Apologies if this is a duplicate, the problem is very hard to word in a search
The bivariate distribution of random variables X and Y is uniform over the triangle with vertices (1,0), (1,1), (0,1). A pair of values $x,y$ is chosen at random from this distribution and a (perhaps degenerate) triangle ABC is constructed with BC=$x$ and CA=$y$ and AB = $2 -x -y$. Show that the construction is always possible and that $ABC$ is obtuse if and only if $$y>\frac{x^2-2x+2}{2-x}$$ Deduce that the probability ABC is obtuse is $3-4 \ln 2$
This question regards the "Deduce that" part, and I will quote the obtuse result
I'm going to (WLOG?) roll X first and say x=t. With this paramaterisation, I can write $$P(y>\frac{x^2-2x+2}{2-x})=\int_0 ^1{P(X=t)P(Y>\frac{t^2-2t+2}{2-t}|X=t)}$$ Since $X\sim U[0,1]$, then $P(X=t)=t dt$ and if you draw a sketch of the triangle, it is clear $Y\sim U[1-X,1]$
therefore $P(Y\le u|X=t)=\frac{u-(1-t)}{t}$ for $1-t\le u \le 1$, so $P(Y>\frac{t^2-2t+2}{2-t}|X=t)=1-\frac{1}{2-t}$ after taking the compliment and letting u equal the rational function.

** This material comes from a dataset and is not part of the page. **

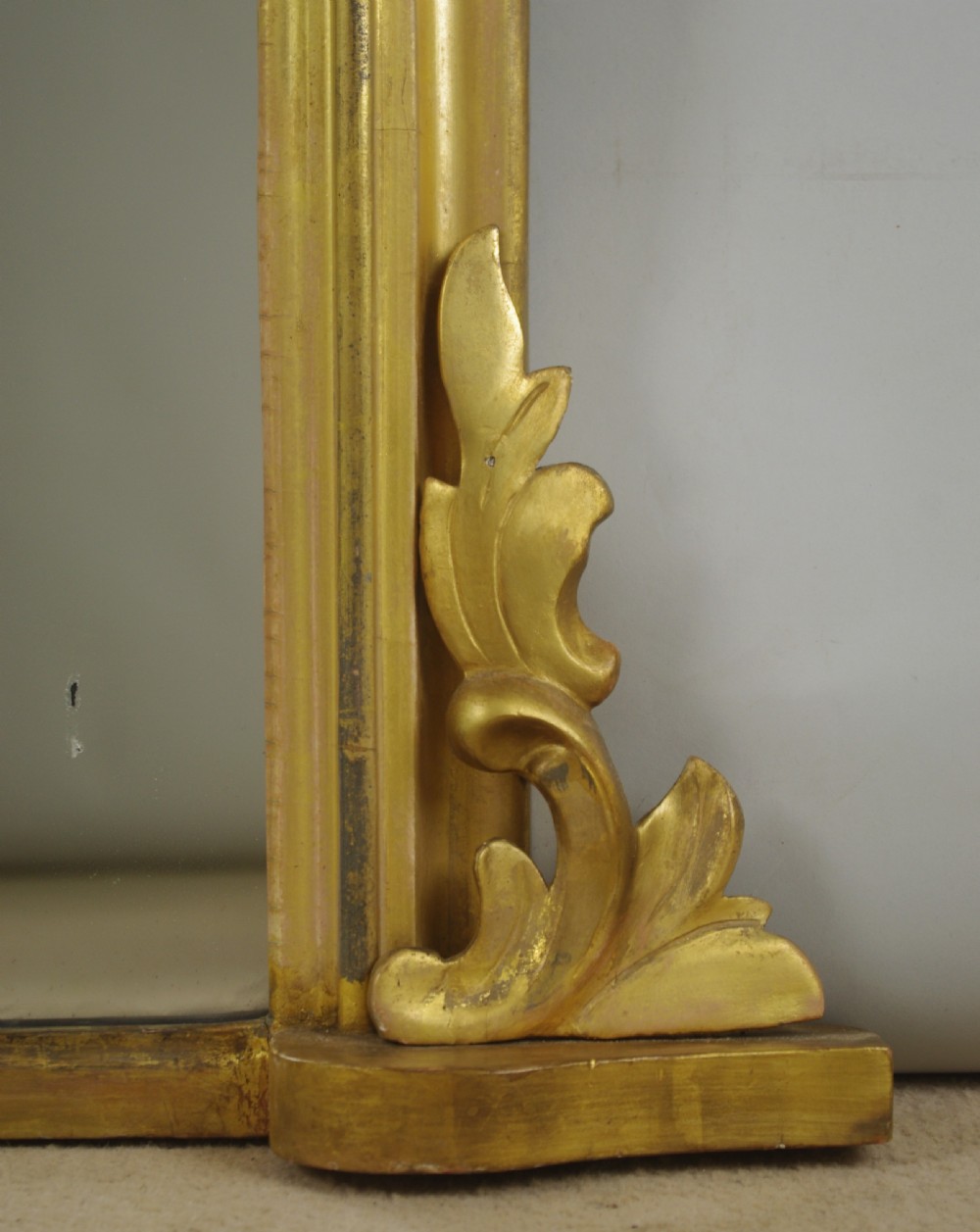 A Victorian giltwood overmantle mirror featuring an arched top frame, carved foliate cresting, and a flat base. View VII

Putting these into the integral I get $P(A)=\int^1_0{t(1-\frac{1}{2-t})}dt=\frac{1}{2}(3-4\ln2)$
I can't see at all where this factor of one half came in. It feels hard to believe that my method was wrong since my answer is very similar to the correct answer. I think I'm missing one last bit and I can't see what it is.
Sketch for the solution: an uniform distribution over some set means that the probability of some point to be chosen from some subset is proportional to the area or volume of this subset, hence in this case if $A$ is a subset of the triangle $T$ then $$ \Pr [(X,Y)\in A]=\frac{\text{ area of }A}{\text{ area of }T}=2 \cdot \text{area of }A\tag1 $$ as the area of the triangle is one-half. Now, we have that $$ \begin{align*} A:=&\left\{(x,y)\in T: y>\frac{x^2-2x+2}{2-x}\right\}\\ =&T\cap \left\{(x,y)\in \mathbb{R}^2: y>\frac{x^2-2x+2}{2-x}\right\}\\ =&\left\{(x,y)\in \mathbb{R}^2: 0\leqslant x\leqslant 1 \,\land\, 1-x\leqslant y\leqslant 1\right\}\cap \left\{(x,y)\in \mathbb{R}^2: y>\frac{x^2-2x+2}{2-x}\right\} \end{align*}\tag2 $$ Therefore setting $B:=\left\{(x,y)\in \mathbb{R}^2: y>\frac{x^2-2x+2}{2-x}\right\}$ we find that $$ \Pr [(X,Y)\in A]=2\int_{0}^1\int_{1-x}^1 \mathbf{1}_{B}(x,y)dydx\tag3 $$
The value of the inner integral is just the length of the interval $$ I_x:=\left[\max\left\{1-x,\frac{x^2-2x+2}{2-x}\right\},1\right]\tag4 $$ that is $$ \Pr [(X,Y)\in A]=2\int_{0}^1 \ell (I_x)dx\tag5 $$ where $\ell (I_x)$ is the length of $I_x$. So, depending of the value of $x\in[0,1]$ it length will be $1-(1-x)=x$ or $1-\frac{x^2-2x+2}{2-x}=\frac{x -x^2}{2-x}$, then the integral on (5) can be separated in (maybe just two) integrals where it integrand will be $x$ or $\frac{x-x^2}{2-x}$.